[Items from a data source]
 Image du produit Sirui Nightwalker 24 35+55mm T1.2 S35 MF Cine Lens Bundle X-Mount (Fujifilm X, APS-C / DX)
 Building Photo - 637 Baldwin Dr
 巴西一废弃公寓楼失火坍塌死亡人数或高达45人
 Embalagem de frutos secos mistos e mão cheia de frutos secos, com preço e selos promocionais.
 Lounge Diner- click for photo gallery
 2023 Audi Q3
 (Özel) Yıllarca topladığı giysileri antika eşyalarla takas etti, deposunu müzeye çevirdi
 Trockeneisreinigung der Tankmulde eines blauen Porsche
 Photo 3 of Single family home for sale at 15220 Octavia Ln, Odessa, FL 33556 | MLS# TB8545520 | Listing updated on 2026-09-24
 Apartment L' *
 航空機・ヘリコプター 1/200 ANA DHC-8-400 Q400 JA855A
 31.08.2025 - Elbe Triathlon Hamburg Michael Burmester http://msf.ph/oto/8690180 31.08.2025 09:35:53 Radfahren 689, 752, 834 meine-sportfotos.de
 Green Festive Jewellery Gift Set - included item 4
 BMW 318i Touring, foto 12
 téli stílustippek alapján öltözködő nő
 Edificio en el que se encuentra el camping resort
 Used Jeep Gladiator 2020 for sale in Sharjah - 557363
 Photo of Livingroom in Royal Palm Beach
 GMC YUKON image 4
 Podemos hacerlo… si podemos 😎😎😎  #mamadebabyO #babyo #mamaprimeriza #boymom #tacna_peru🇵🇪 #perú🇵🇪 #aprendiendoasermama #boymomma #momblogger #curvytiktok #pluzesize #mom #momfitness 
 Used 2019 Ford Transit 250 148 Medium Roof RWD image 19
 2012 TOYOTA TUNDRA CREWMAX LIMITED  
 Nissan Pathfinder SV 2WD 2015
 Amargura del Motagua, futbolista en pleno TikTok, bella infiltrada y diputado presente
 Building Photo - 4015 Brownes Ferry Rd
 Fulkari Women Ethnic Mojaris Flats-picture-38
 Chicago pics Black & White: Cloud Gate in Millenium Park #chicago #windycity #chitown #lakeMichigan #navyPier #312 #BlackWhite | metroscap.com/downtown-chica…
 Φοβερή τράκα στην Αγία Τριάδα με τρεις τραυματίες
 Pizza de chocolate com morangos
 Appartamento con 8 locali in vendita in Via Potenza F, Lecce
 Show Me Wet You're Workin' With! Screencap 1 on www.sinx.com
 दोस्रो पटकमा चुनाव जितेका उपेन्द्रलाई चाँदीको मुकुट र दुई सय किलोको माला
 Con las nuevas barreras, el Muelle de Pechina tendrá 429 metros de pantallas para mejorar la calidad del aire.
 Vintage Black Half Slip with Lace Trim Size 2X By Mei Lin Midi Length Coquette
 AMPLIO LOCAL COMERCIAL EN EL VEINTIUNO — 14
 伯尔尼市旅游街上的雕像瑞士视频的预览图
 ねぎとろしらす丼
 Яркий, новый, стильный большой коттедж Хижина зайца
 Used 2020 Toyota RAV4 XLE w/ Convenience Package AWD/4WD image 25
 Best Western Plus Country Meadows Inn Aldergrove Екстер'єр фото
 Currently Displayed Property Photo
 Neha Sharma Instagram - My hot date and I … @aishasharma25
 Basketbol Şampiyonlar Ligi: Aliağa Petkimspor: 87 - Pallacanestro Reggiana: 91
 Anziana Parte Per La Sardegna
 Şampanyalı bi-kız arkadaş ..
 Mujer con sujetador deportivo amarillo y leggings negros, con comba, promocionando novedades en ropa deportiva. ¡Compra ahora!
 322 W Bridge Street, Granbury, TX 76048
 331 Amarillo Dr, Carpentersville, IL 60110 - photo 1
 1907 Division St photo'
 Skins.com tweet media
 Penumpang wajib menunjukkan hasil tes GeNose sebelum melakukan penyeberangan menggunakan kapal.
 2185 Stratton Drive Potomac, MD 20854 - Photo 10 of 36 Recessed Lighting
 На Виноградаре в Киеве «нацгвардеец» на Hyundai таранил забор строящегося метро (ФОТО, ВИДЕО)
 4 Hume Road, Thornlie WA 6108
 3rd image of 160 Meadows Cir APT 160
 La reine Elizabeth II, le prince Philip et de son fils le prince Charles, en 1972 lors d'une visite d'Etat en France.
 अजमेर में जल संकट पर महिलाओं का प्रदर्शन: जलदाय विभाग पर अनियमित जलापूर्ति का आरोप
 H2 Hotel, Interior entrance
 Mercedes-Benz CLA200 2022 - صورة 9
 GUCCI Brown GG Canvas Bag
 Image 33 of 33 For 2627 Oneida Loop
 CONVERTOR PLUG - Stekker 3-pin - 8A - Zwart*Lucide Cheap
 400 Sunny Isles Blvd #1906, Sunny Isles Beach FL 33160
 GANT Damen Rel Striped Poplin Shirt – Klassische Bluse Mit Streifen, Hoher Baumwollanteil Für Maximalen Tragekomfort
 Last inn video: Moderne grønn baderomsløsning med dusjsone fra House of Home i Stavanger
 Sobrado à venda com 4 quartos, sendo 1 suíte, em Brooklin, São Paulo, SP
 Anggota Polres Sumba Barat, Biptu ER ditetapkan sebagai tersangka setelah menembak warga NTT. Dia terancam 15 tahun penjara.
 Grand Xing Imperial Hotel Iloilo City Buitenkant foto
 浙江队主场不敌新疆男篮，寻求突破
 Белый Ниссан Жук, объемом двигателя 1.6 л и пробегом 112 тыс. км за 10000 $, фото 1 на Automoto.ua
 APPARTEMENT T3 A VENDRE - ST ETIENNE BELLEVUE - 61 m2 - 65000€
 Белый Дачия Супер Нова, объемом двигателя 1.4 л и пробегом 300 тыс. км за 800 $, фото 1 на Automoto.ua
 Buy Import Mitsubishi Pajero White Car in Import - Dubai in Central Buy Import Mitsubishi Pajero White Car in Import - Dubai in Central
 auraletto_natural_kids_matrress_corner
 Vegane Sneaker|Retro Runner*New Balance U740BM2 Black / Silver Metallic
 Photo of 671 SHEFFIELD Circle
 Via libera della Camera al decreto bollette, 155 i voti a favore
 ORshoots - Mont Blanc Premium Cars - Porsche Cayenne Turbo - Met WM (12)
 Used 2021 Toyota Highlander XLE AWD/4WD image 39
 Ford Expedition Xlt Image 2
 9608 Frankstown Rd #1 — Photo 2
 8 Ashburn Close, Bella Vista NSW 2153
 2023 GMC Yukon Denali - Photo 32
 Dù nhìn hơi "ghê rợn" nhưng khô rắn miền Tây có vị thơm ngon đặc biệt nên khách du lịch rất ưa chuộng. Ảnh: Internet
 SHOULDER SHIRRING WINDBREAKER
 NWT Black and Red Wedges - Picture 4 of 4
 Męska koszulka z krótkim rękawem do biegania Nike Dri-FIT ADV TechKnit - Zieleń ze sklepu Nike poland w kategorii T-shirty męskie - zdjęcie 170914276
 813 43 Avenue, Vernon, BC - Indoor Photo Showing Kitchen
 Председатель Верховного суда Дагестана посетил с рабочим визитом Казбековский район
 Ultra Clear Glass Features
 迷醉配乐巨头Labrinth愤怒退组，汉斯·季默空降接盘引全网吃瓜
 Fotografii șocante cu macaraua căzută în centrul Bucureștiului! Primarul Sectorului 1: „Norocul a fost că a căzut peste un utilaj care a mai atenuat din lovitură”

## TASK DIRECTIONS
Going through the entries above, tally each line that has the word "Meadows". Answer with the number only.

## WRITTEN REPLY
2